*SUPPLIED RECORDS:*
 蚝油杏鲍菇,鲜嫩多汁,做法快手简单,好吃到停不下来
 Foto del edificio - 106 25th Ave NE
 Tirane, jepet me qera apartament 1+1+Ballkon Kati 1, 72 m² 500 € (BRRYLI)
---
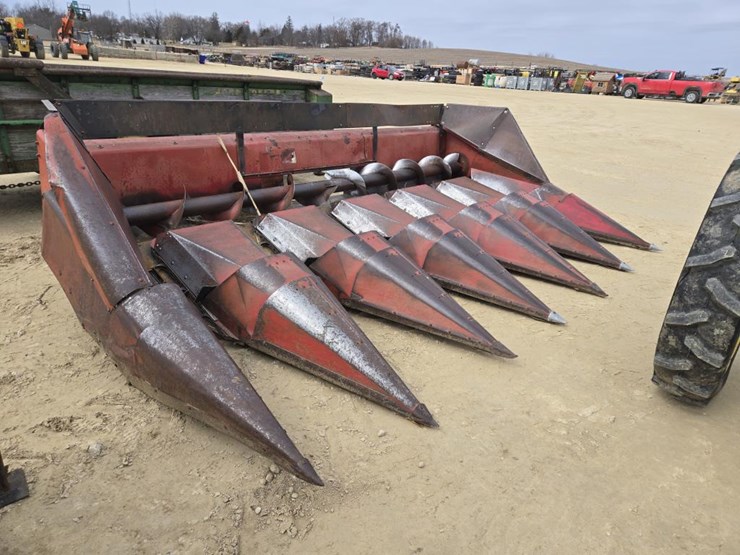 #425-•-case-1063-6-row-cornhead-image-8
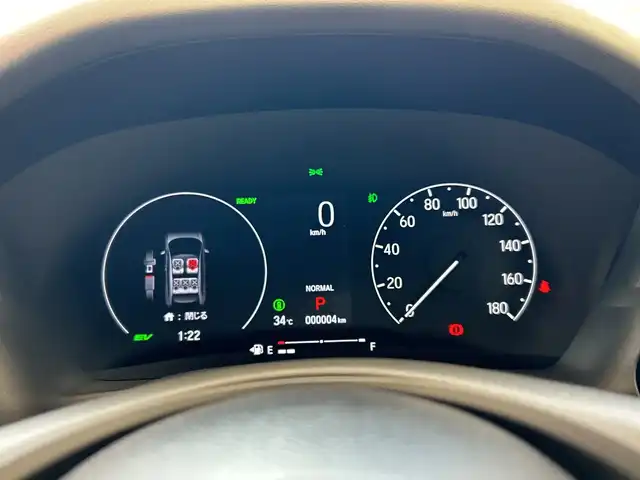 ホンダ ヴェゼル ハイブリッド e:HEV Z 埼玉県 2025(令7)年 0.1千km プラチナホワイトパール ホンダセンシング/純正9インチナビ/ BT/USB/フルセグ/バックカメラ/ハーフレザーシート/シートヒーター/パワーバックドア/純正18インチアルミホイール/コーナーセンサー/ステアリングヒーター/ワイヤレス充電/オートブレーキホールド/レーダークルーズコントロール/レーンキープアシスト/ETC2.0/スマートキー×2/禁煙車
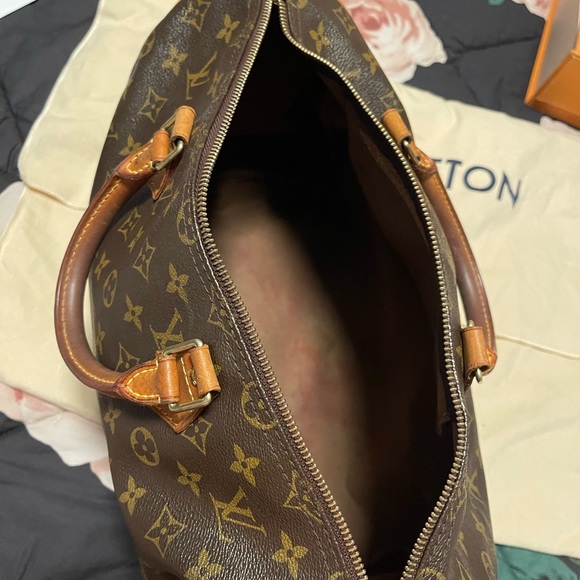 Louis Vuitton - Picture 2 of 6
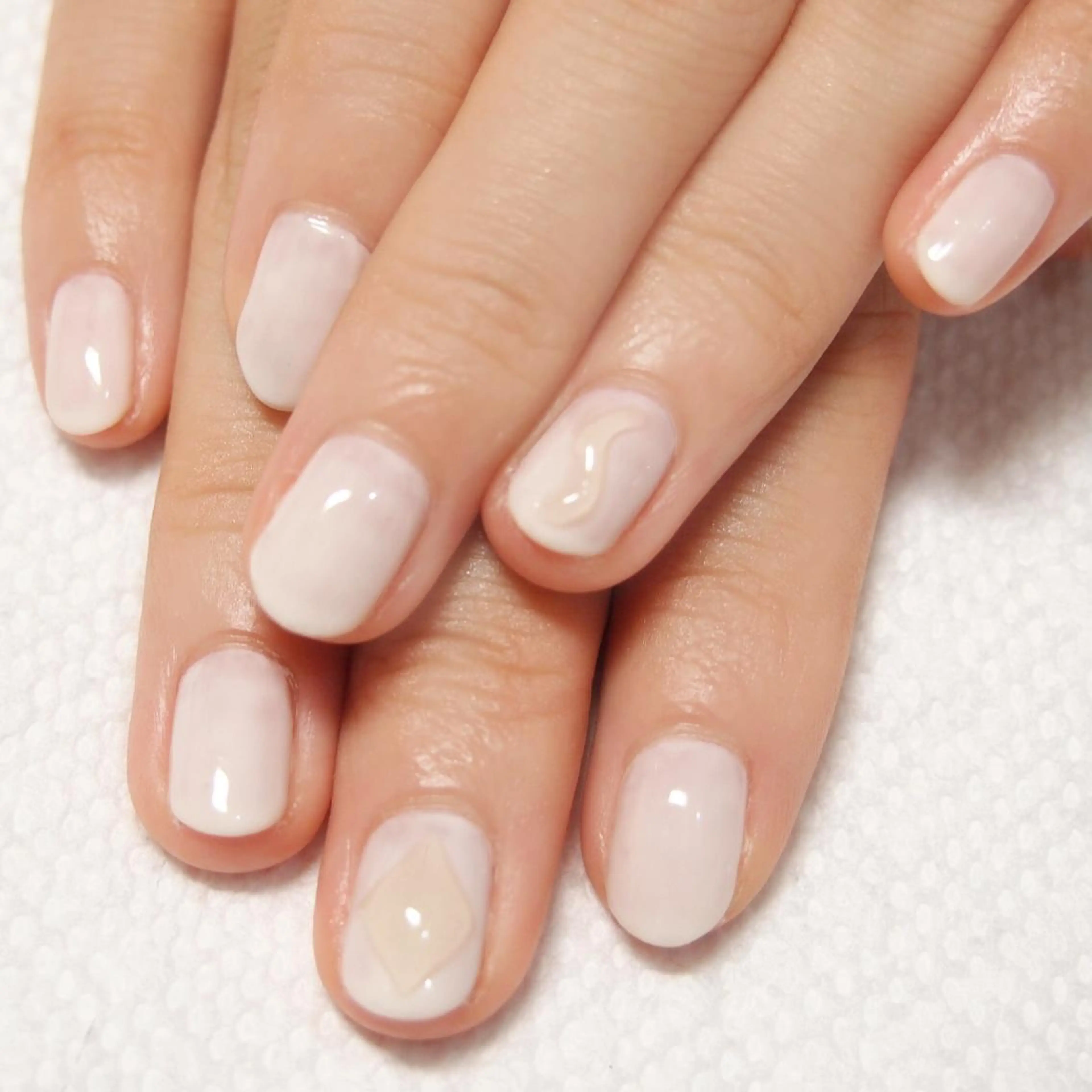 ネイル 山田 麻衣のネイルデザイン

*ABOUT THIS TASK:* Given the data above, transcribe exactly the lines from the one containing "蚝油杏鲍菇,鲜嫩多汁,做法快手简单,好吃到停不下来" down to the one containing "Tirane, jepet me", and no others.

*SOLUTION TO THE PROBLEM:*
 蚝油杏鲍菇,鲜嫩多汁,做法快手简单,好吃到停不下来
 Foto del edificio - 106 25th Ave NE
 Tirane, jepet me qera apartament 1+1+Ballkon Kati 1, 72 m² 500 € (BRRYLI)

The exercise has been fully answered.